Hollandse Brigade (1799-1802)

1799-1802
Zie Hollandse Brigade (Spaanse Onafhankelijkheidsoorlog) voor de eenheid die aan Franse kant diende

De Hollandse Brigade (Engels: King's Dutch Brigade) was een Nederlandse brigade van het Britse leger van 1799 tot 1802, ten tijde van de Franse revolutionaire oorlogen.[1][2]

King's Dutch Brigade
Erfprins Willem, commandant van de brigade
Erfprins Willem, commandant van de brigade
Oprichting 21 oktober 1799
Ontbinding 12 juli 1802
Land Koninkrijk Groot-Brittannië (1799-1801)
Verenigd Koninkrijk van Groot-Brittannië en Ierland (1801-1802)
Krijgsmacht­onderdeel Britse leger
Aantal ca. 5.000
Garnizoen Cowes (Wight)
Commandanten Erfprins Willem

Nederland was in 1795 binnengevallen door revolutionair Frankrijk en gereduceerd tot Franse vazalstaat, de Bataafse Republiek. De naar Groot-Brittannië gevluchte prins Willem, de latere koning Willem I, stelde op het eiland Wight een Hollandse Brigade samen, bestaande uit voormalige officieren en manschappen van het Staatse leger, deserteurs uit het Bataafse leger en muiters van de Bataafse vloot die zich tijdens de Vlieter-incident in 1799 aan de Britten had overgegeven.

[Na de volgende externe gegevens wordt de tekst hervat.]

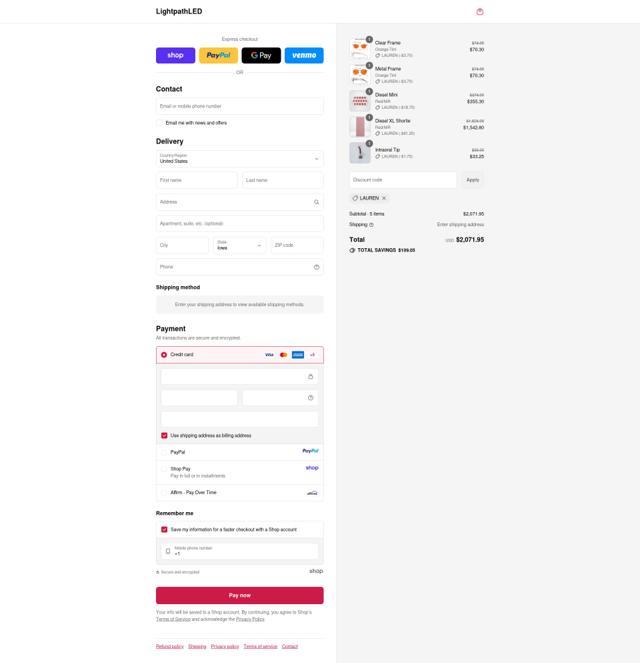 LightpathLED checkout page showing LightpathLED promo code box | Screenshot taken by SimplyCodes community member on Sep 10, 2025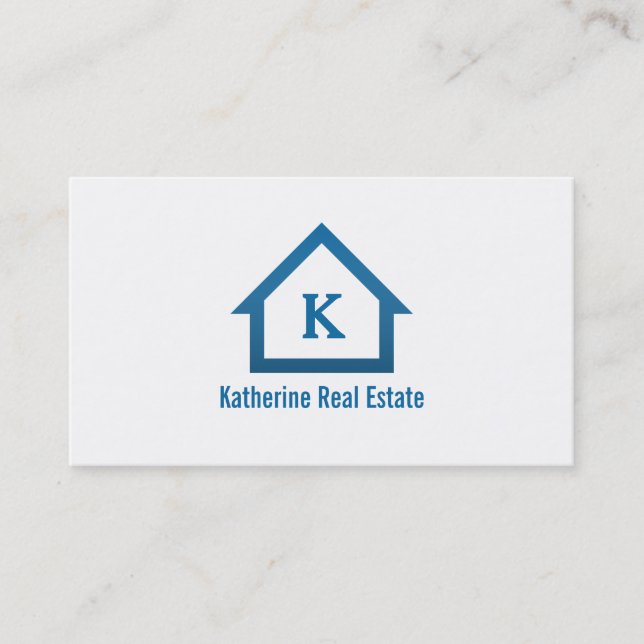 Modern Professional Monogram Real Estate Realtor Business Card (Front)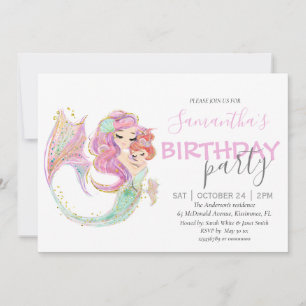Mermaid Baby Shower Sweet Little Mermaid  Announcement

De brigade diende in Ierland in de eerste helft van 1801 en verdedigde vervolgens Wight en de Kanaaleilanden Jersey en Guernsey tegen een mogelijke Franse invasie. Bij de vrede van Amiens in 1802 werd de eenheid opgeheven en keerden de meeste militairen weer terug naar Nederland.

Geschiedenis

bewerken

Achtergrond

bewerken

Na de geallieerde nederlaag tegen de revolutionair Franse legers in de Zuidelijke Nederlanden vielen Franse troepen in 1795 de Nederlandse republiek binnen. Stadhouder Willem V van Oranje-Nassau vluchtte met zijn gezin (waaronder zijn zoons Willem en Frederik) naar Engeland, en de republiek werd vervangen door een vazalstaat naar Frans revolutionair model, de Bataafse Republiek.

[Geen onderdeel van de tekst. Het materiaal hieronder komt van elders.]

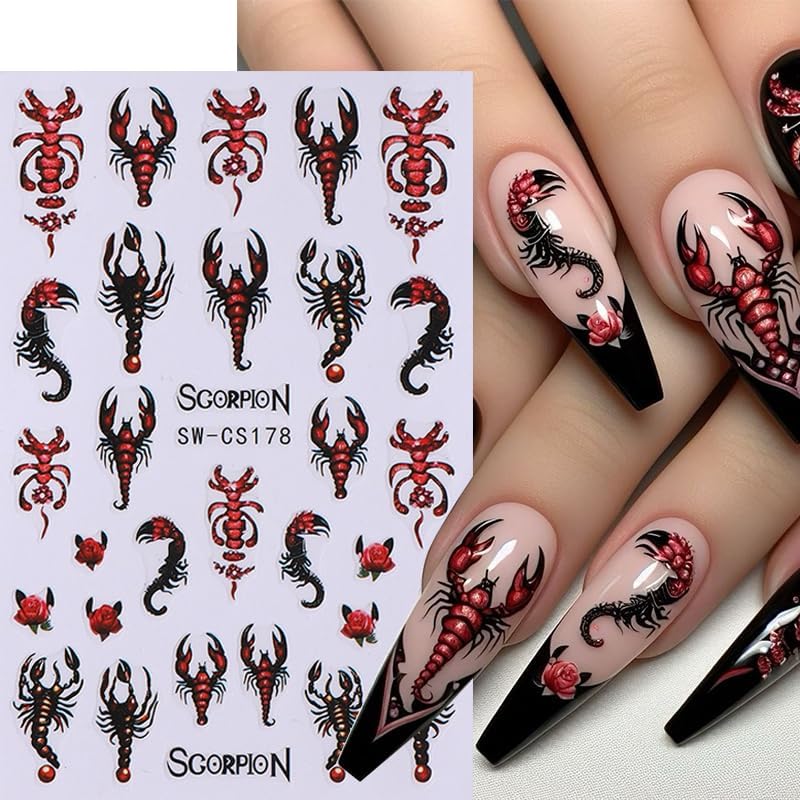 Halloween Nail Art Stickers 8 Sheets Cute Ghost Pink Pumpkin 3D Self-Adhesive Nail Decals Blood Chilli Cherry Designs ScorpionNail Decorations Halloween DIY Manicure Supplies for Women Girls&Kids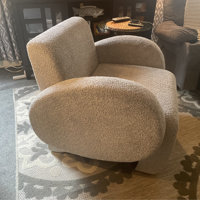 Jefney Fabric Upholstered Armchair Boucle Accent Chair Full Assembled Small Space Chair with Pillow Ivy Bronx Fabric: Light Beige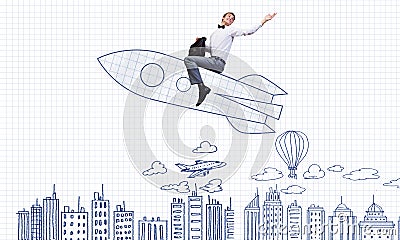 Man on rocket Stock Photo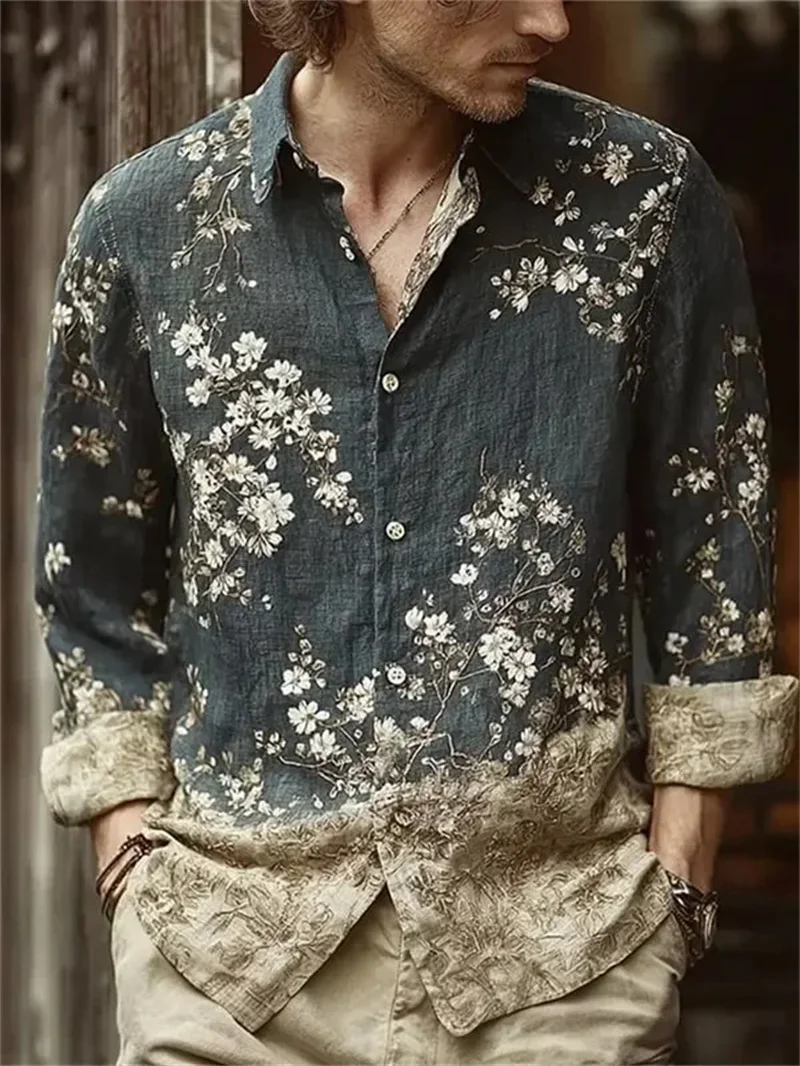 Men's casual long-sleeved lapel shirt, ginger yellow distressed texture, black vine rolled leaf plant print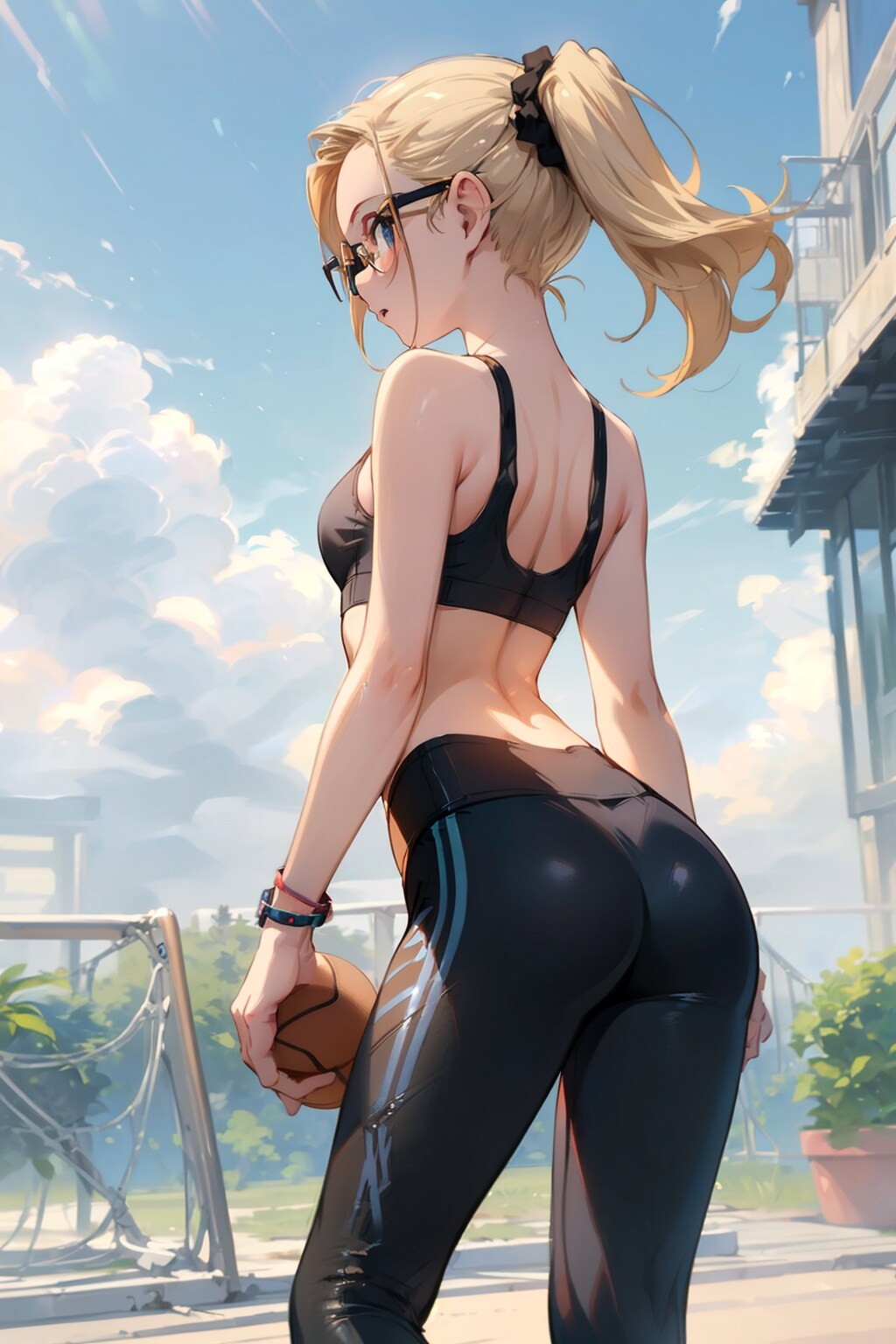 スポーツウェアの眼鏡っ娘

Prins Frederik reisde af naar de Duitse stad Osnabrück waar hij probeerde een aanvalsmacht samen te stellen uit de overblijfselen van het Staatse leger. Van de 96 bataljons van het Staatse leger hadden 21 bataljons de kern van het nieuwe Bataafse leger gevormd, maar van de resterende officieren en manschappen verzamelde een aanzienlijk deel zich in Osnabrück in het voorjaar van 1795. Een lijst met officieren die naar Osnabrück gingen telde 839 namen[noot 1]. Koning Frederik Willem II van Pruisen verbood in de zomer van 1795 echter verdere troepenwerving, waardoor Frederik faalde in zijn poging om Nederland te heroveren. In plaats daarvan besloot een groot deel van de Staatse militairen die zich in Osnabrück hadden verzameld om in Britse dienst te gaan, aangezien de Britten bezig waren met werving voor dienst in Caraïbisch gebied. De Britten boden pensioen (half-pay) aan de voormalige Staatse officieren die zich na 12 januari 1796 in Pruisen verzamelden.[1]

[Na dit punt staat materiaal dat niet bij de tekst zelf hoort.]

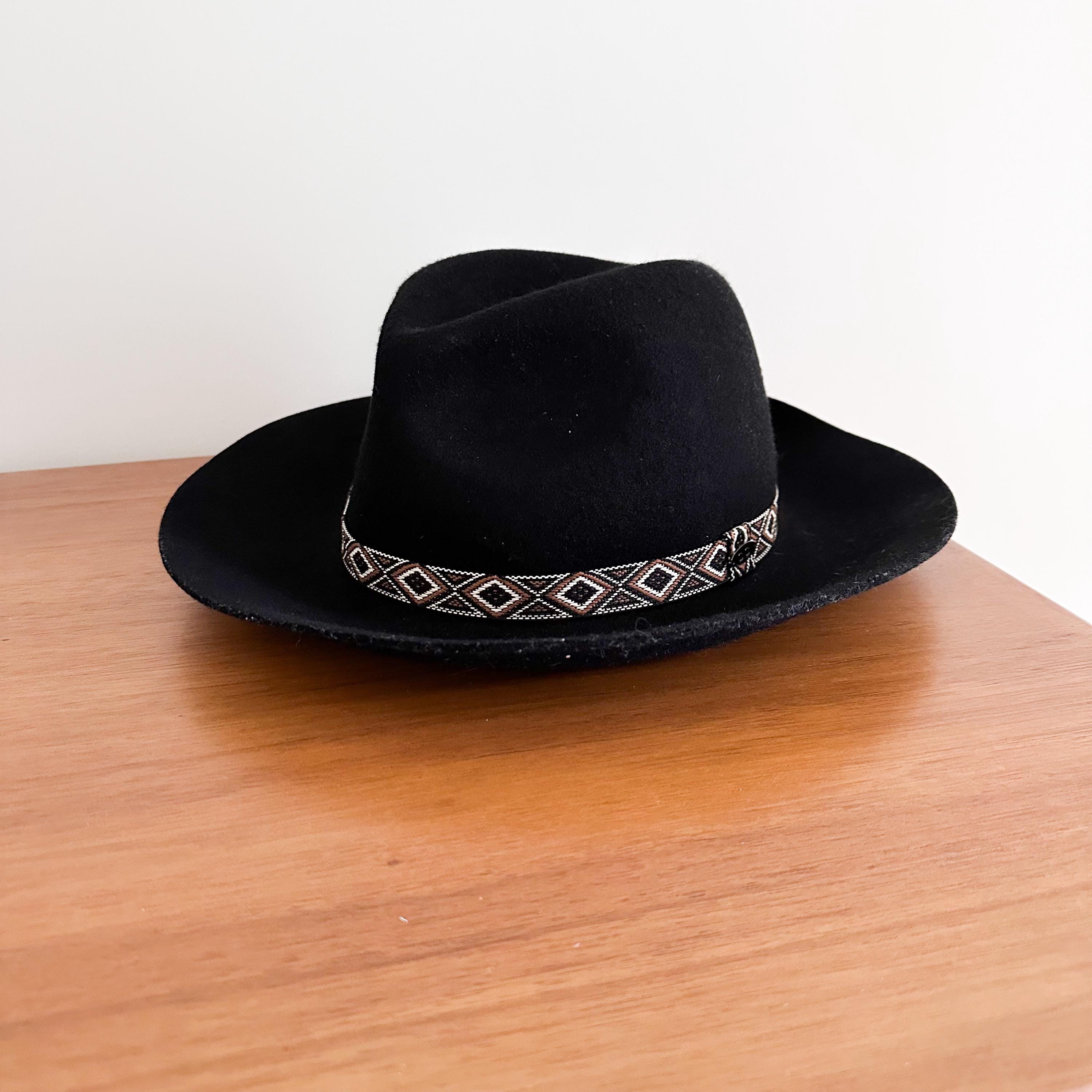 Black Wool Felt Wide Brim Fedora Hat With Woven Band Boho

In 1798 vormde een aantal voormalige Staatse militairen het vijfde bataljon van het 60e infanterieregiment van het Britse leger. Dit was het signaal voor de formatie van meer "Nederlandse"[noot 2] eenheden van het Britse leger, in voorbereiding voor een Brits-Russische invasie van Nederland in de zomer van 1799. Frederik Willem II van Pruisen keek de andere kant op terwijl de Nederlandse militairen op zijn grondgebied gerekruteerd werden voor Britse dienst. Hoewel de inval in Nederland in 1799 eindigde in een nederlaag, werd wel een flink aantal Bataafse deserteurs, muiters en oorlogsgevangenen naar Engeland getransporteerd. Tegelijkertijd werden ook de Staatse troepen in Duitsland naar Engeland gebracht.[1]

Formatie

bewerken

Op het eiland Wight, voor de zuidkust van Engeland, formeerde prins Willem een brigade bestaande uit in totaal 97 compagnieën:

  • 4 regimenten infanterie (ieder bestaande uit 18 compagnieën);
  • 1 regiment jager (18 compagnieën);
  • een bataljon artillerie (6 compagnieën);
  • een korps ingenieurs
  • ondersteunende troepen

De Hollandse Brigade werd formeel opgericht op 21 oktober 1799 als de King's Dutch Brigade. De troepen zwoeren een eed van trouw aan zowel de Britse kroon als stadhouder Willem V. De voormalige stadhouder was formeel gezien de opperbevelhebber (als kapitein-generaal van het voormalige Staatse leger), maar prins Willem had in werkelijkheid het bevel over de brigade.[3]

De staf en de leiding van de regimenten en bataljons bestond uit voormalige Staatse officieren als de generaal-majoors Frederick Stamford, Carel Bentinck, De Constant Villars en Willem van der Duyn. Onder deze titulaire kolonels werd het eigenlijke bevel over de troepen gevoerd door de luitenant-kolonels Von Dopf, Von Schwartz, MacLeod, Von Schinne, Morack en Jacob Sprecher von Bernegg. De jagers stonder onder commando van luitenant-kolonel Von Heydt en de artillerie onder luitenant-kolonel W. du Pont. De verbindingsofficier met de Britten was kolonel Sontag. De kwartiermeester, degene die verantwoordelijk was voor alle uitbetalingen, was kolonel Van der Maasen.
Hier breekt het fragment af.